Spokane student choir delights Guggenheim guests with impromptu flash mob
Guests at Spain’s Guggenheim Museum were treated to a twist on contemporary art over Memorial Day weekend when students from a Spokane university choir surprised them with a flash-mob style performance.
Choir director Marc Hafsø said even he was surprised by the impromptu concert, which happened during Whitworth Choir’s Spain Concert Tour.
“If you would’ve told me at the beginning of this tour that we would do a flash mob at the Guggenheim, I would’ve said you’re crazy,” Hafsø told the Statesman.
That’s what he said to the students’ tour guide, identified only as Violeta, when she proposed the idea.
“Violeta had taken a shine to our choir, and they had taken a shine to her,” Hafsø said.
A singer herself, Violeta told Hafsø she thought it would be spectacular to hear the beauty of the students’ voices alongside the beauty of the museum’s art. Hafsø was hesitant.
“I wouldn’t want to offend anyone,” he explained.
So, to soothe his worries, Violeta went to officials at the Guggenheim, who gave their blessing for the performance. Moments later and with some brief instruction, Hafsø said, the students’ song was echoing through the atrium of the modern art museum.
They sang “Hark, I Hear the Harps Eternal,” an American hymn by Alice Parker. Hafsø described the piece as strong, rhythmic and powerful — and one that let all the students sing in unison and showcase their talents.
Hafsø said he took the chance to revel in his students’ hard work, leaning against a nearby wall to take in the sound.
“I marveled in the smiles and the bright eyes and the cameras that were immediately picked up,” he said. “I think (the museum guests) were filled with joy.”
He shared a video of the performance on Facebook, where it filled thousands more with joy — by Wednesday afternoon, the post had been shared nearly 500 times and viewed 40,000 times.

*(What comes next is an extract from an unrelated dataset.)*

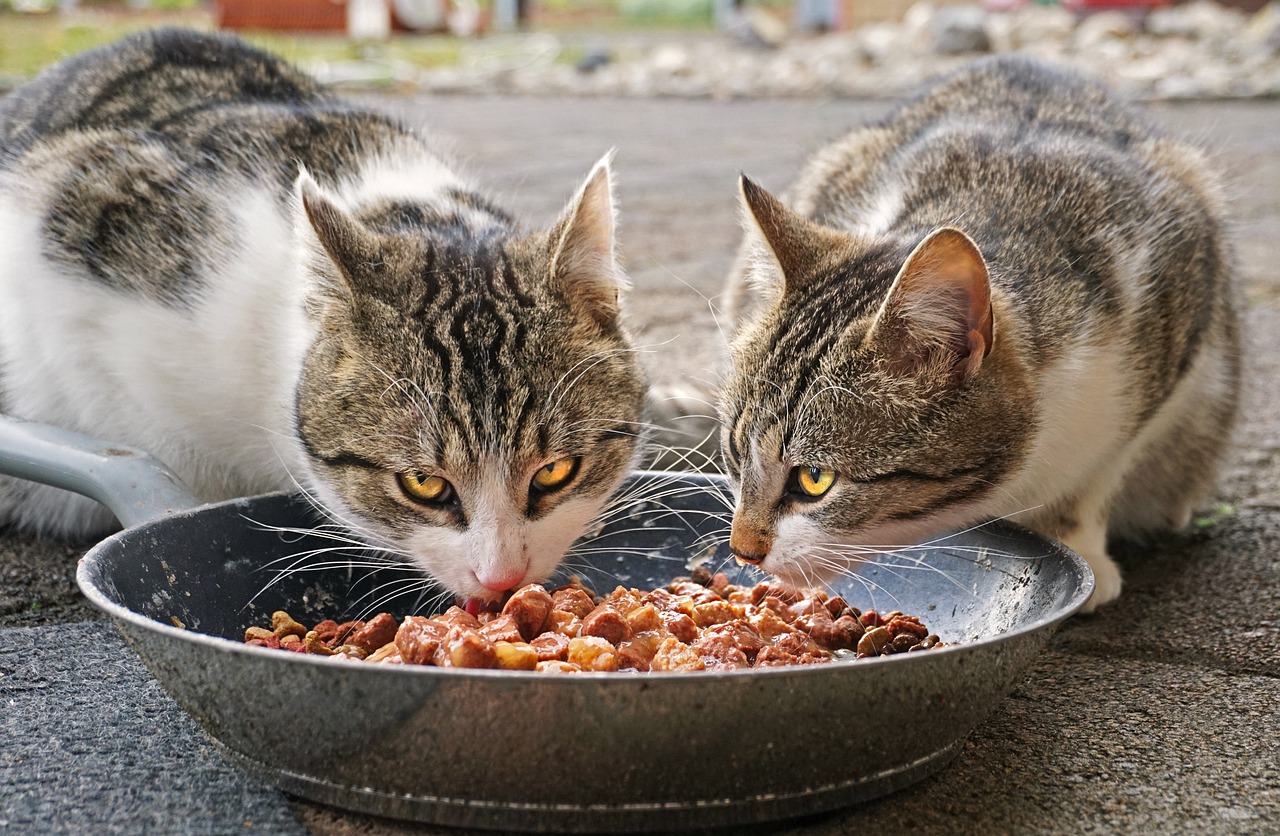 can senior cats eat kitten food?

“I was dumbfounded and bewildered,” said Hafsø, adding that he’s baffled by the video’s popularity each time his students update him on how its reach has grown.
“It was just a simple kind of honest moment,” he said, and a testament to his students and their hard work.
He has a saying that he often shares with them to spur diligence and practice, and this performance was the culmination of all that patience and rehearsing, Hafsø said.
“I’ve always told my students, ‘You never know when,’” he said.